[Start of section]

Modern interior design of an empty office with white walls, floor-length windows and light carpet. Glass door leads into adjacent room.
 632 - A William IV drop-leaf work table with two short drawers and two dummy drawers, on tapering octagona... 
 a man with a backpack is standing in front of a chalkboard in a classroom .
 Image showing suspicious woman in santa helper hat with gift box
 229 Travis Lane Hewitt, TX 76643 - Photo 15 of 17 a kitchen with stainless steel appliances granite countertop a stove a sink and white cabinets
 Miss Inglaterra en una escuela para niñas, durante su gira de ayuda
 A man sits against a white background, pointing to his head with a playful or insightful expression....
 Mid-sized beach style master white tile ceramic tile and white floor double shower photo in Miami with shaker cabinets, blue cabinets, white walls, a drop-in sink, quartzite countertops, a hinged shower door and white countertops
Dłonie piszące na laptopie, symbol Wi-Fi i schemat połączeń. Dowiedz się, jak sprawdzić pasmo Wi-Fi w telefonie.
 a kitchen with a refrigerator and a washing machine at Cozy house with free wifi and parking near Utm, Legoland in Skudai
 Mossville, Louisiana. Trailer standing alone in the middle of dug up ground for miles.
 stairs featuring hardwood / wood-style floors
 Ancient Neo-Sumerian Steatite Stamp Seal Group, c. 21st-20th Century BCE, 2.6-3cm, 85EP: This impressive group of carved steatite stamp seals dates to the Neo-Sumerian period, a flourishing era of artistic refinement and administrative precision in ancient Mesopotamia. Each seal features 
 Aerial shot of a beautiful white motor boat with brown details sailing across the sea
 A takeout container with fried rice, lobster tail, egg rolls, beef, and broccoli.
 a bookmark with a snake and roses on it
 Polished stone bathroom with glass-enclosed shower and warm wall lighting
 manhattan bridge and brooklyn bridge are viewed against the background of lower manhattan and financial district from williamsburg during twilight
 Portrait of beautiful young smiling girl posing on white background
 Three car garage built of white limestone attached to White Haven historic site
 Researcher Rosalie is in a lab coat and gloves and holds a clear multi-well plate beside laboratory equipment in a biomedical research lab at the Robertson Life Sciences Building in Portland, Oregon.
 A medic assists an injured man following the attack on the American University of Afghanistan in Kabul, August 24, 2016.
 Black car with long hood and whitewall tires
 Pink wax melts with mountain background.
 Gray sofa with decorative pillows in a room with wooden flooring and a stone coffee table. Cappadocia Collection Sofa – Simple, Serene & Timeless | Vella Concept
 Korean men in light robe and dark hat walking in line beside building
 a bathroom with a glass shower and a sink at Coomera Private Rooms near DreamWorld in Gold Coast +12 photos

[End of section]

Retype, exactly and with nothing added, the lines of the material above from the first through the one that contains "A man sits against".

REPLY TO THE TASK →
Modern interior design of an empty office with white walls, floor-length windows and light carpet. Glass door leads into adjacent room.
 632 - A William IV drop-leaf work table with two short drawers and two dummy drawers, on tapering octagona... 
 a man with a backpack is standing in front of a chalkboard in a classroom .
 Image showing suspicious woman in santa helper hat with gift box
 229 Travis Lane Hewitt, TX 76643 - Photo 15 of 17 a kitchen with stainless steel appliances granite countertop a stove a sink and white cabinets
 Miss Inglaterra en una escuela para niñas, durante su gira de ayuda
 A man sits against a white background, pointing to his head with a playful or insightful expression....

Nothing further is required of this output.